▸ Required action
The records below must be copied out completely and exactly.

── Supplied records ──

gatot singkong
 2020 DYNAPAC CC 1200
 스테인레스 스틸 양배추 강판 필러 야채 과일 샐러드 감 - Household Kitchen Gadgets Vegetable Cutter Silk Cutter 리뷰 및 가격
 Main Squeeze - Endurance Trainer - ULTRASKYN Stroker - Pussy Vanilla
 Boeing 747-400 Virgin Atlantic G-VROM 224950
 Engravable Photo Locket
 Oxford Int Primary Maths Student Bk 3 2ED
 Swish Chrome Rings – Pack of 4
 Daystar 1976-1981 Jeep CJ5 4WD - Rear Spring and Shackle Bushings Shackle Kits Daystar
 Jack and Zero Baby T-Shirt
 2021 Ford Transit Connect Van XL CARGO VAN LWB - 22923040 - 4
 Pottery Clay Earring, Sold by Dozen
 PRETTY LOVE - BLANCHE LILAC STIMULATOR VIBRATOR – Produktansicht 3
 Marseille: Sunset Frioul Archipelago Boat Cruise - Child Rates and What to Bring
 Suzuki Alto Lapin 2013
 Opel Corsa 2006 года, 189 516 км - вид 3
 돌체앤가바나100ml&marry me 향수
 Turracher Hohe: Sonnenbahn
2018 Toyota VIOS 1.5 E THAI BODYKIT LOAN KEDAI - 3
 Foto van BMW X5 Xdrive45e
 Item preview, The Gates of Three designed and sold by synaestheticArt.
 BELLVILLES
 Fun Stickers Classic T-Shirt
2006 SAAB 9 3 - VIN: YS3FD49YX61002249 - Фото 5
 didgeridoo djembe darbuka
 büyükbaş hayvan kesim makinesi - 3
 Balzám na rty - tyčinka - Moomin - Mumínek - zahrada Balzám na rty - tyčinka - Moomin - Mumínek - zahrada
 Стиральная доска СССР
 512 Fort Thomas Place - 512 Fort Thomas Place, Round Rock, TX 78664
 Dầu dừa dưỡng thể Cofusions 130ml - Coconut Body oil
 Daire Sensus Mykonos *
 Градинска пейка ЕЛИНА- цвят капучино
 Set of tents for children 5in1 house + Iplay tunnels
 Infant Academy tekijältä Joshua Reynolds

───

▸ Task result
gatot singkong
 2020 DYNAPAC CC 1200
 스테인레스 스틸 양배추 강판 필러 야채 과일 샐러드 감 - Household Kitchen Gadgets Vegetable Cutter Silk Cutter 리뷰 및 가격
 Main Squeeze - Endurance Trainer - ULTRASKYN Stroker - Pussy Vanilla
 Boeing 747-400 Virgin Atlantic G-VROM 224950
 Engravable Photo Locket
 Oxford Int Primary Maths Student Bk 3 2ED
 Swish Chrome Rings – Pack of 4
 Daystar 1976-1981 Jeep CJ5 4WD - Rear Spring and Shackle Bushings Shackle Kits Daystar
 Jack and Zero Baby T-Shirt
 2021 Ford Transit Connect Van XL CARGO VAN LWB - 22923040 - 4
 Pottery Clay Earring, Sold by Dozen
 PRETTY LOVE - BLANCHE LILAC STIMULATOR VIBRATOR – Produktansicht 3
 Marseille: Sunset Frioul Archipelago Boat Cruise - Child Rates and What to Bring
 Suzuki Alto Lapin 2013
 Opel Corsa 2006 года, 189 516 км - вид 3
 돌체앤가바나100ml&marry me 향수
 Turracher Hohe: Sonnenbahn
2018 Toyota VIOS 1.5 E THAI BODYKIT LOAN KEDAI - 3
 Foto van BMW X5 Xdrive45e
 Item preview, The Gates of Three designed and sold by synaestheticArt.
 BELLVILLES
 Fun Stickers Classic T-Shirt
2006 SAAB 9 3 - VIN: YS3FD49YX61002249 - Фото 5
 didgeridoo djembe darbuka
 büyükbaş hayvan kesim makinesi - 3
 Balzám na rty - tyčinka - Moomin - Mumínek - zahrada Balzám na rty - tyčinka - Moomin - Mumínek - zahrada
 Стиральная доска СССР
 512 Fort Thomas Place - 512 Fort Thomas Place, Round Rock, TX 78664
 Dầu dừa dưỡng thể Cofusions 130ml - Coconut Body oil
 Daire Sensus Mykonos *
 Градинска пейка ЕЛИНА- цвят капучино
 Set of tents for children 5in1 house + Iplay tunnels
 Infant Academy tekijältä Joshua Reynolds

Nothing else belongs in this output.